Return each entry exactly, so that nothing in the data differs from the original.
*** Opening EXERCISE DATA ***
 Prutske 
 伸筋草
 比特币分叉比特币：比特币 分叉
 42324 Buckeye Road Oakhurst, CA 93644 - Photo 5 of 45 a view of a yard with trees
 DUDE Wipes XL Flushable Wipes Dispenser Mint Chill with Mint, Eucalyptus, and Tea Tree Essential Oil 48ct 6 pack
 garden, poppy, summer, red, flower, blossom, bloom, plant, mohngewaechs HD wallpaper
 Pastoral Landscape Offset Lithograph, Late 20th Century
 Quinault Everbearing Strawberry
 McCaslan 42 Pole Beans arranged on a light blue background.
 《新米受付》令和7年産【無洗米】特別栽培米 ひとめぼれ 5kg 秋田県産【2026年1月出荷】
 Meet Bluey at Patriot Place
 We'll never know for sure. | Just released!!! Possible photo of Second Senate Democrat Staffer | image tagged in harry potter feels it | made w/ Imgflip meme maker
*** Closing EXERCISE DATA ***
OUTPUT FOR THIS TASK:
 Prutske 
 伸筋草
 比特币分叉比特币：比特币 分叉
 42324 Buckeye Road Oakhurst, CA 93644 - Photo 5 of 45 a view of a yard with trees
 DUDE Wipes XL Flushable Wipes Dispenser Mint Chill with Mint, Eucalyptus, and Tea Tree Essential Oil 48ct 6 pack
 garden, poppy, summer, red, flower, blossom, bloom, plant, mohngewaechs HD wallpaper
 Pastoral Landscape Offset Lithograph, Late 20th Century
 Quinault Everbearing Strawberry
 McCaslan 42 Pole Beans arranged on a light blue background.
 《新米受付》令和7年産【無洗米】特別栽培米 ひとめぼれ 5kg 秋田県産【2026年1月出荷】
 Meet Bluey at Patriot Place
 We'll never know for sure. | Just released!!! Possible photo of Second Senate Democrat Staffer | image tagged in harry potter feels it | made w/ Imgflip meme maker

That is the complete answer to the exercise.